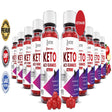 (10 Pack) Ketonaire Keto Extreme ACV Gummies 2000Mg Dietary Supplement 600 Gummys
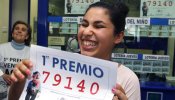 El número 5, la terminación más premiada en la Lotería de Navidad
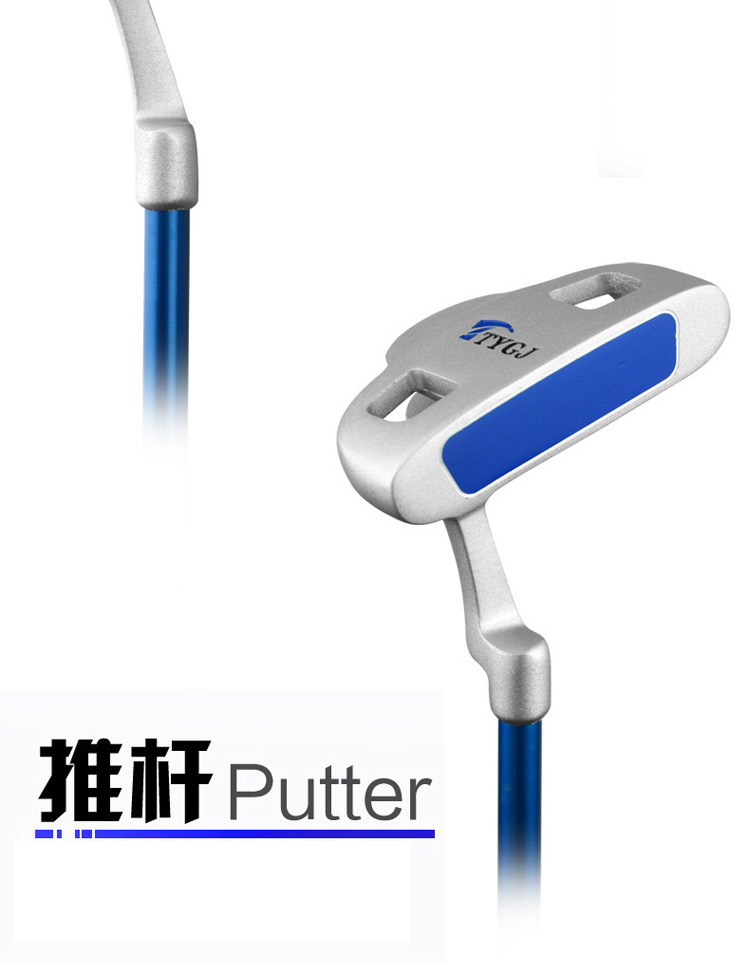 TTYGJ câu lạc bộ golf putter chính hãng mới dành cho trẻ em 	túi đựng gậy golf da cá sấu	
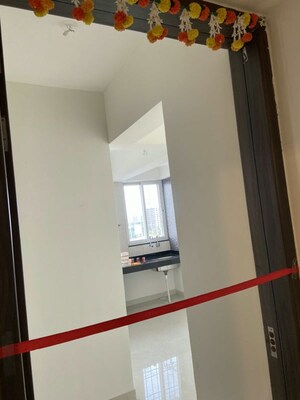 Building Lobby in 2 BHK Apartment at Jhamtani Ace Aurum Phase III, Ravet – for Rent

* * *

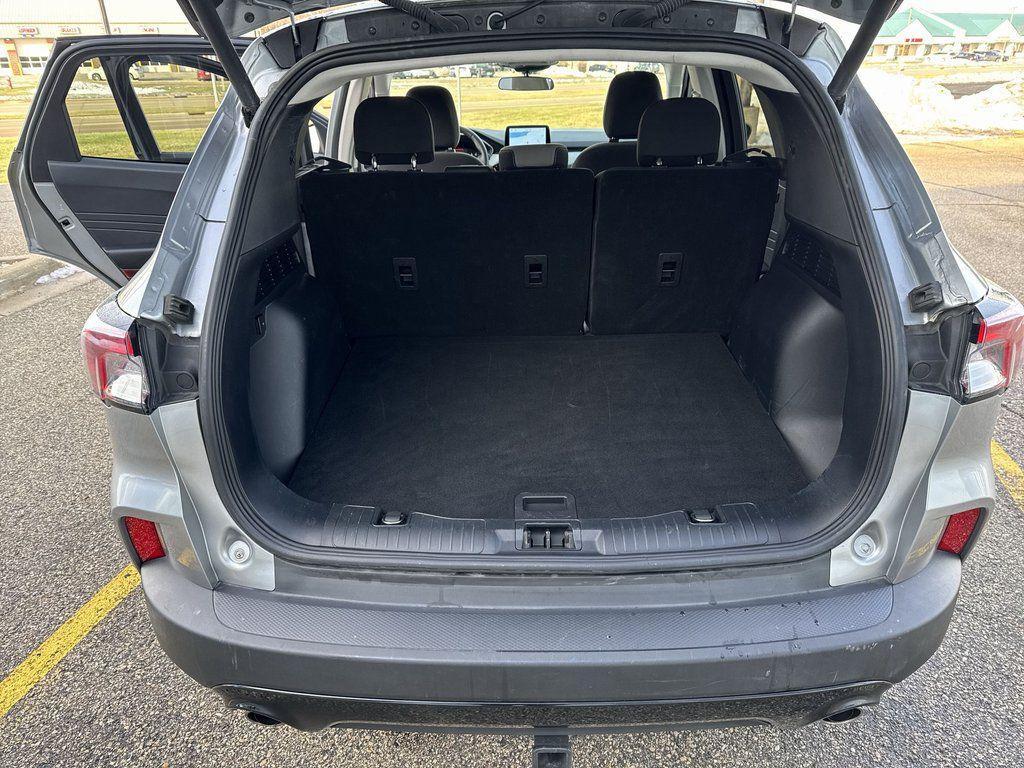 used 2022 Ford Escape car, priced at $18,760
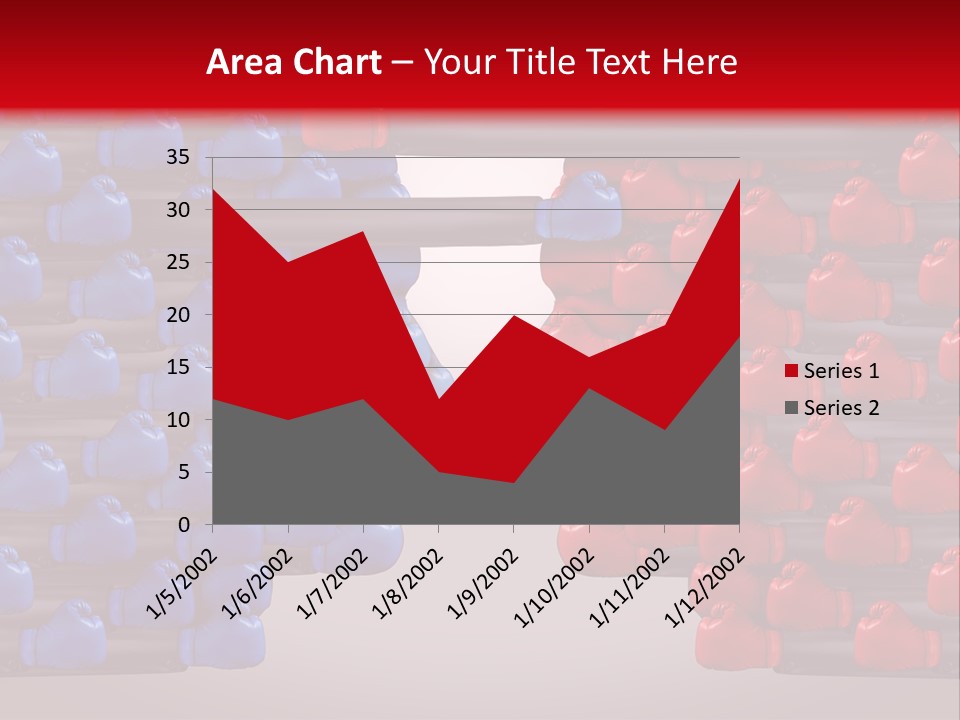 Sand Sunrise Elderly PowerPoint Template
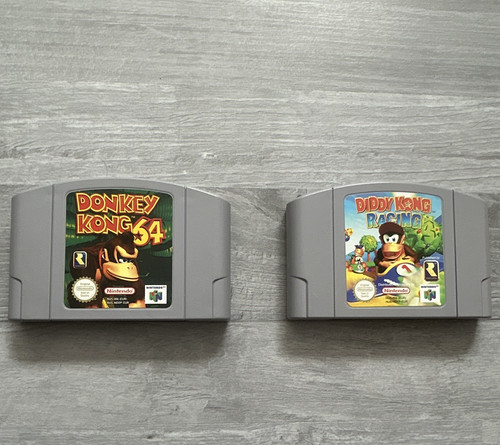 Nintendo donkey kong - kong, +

__What to work on__. In the listing above, find the line containing "(10 Pack) Ketonaire" and the line containing "Building Lobby in", then print exactly those two lines and every line between them, minus the pictures.

__Response below__.
 (10 Pack) Ketonaire Keto Extreme ACV Gummies 2000Mg Dietary Supplement 600 Gummys
 El número 5, la terminación más premiada en la Lotería de Navidad
 TTYGJ câu lạc bộ golf putter chính hãng mới dành cho trẻ em 	túi đựng gậy golf da cá sấu	
 Building Lobby in 2 BHK Apartment at Jhamtani Ace Aurum Phase III, Ravet – for Rent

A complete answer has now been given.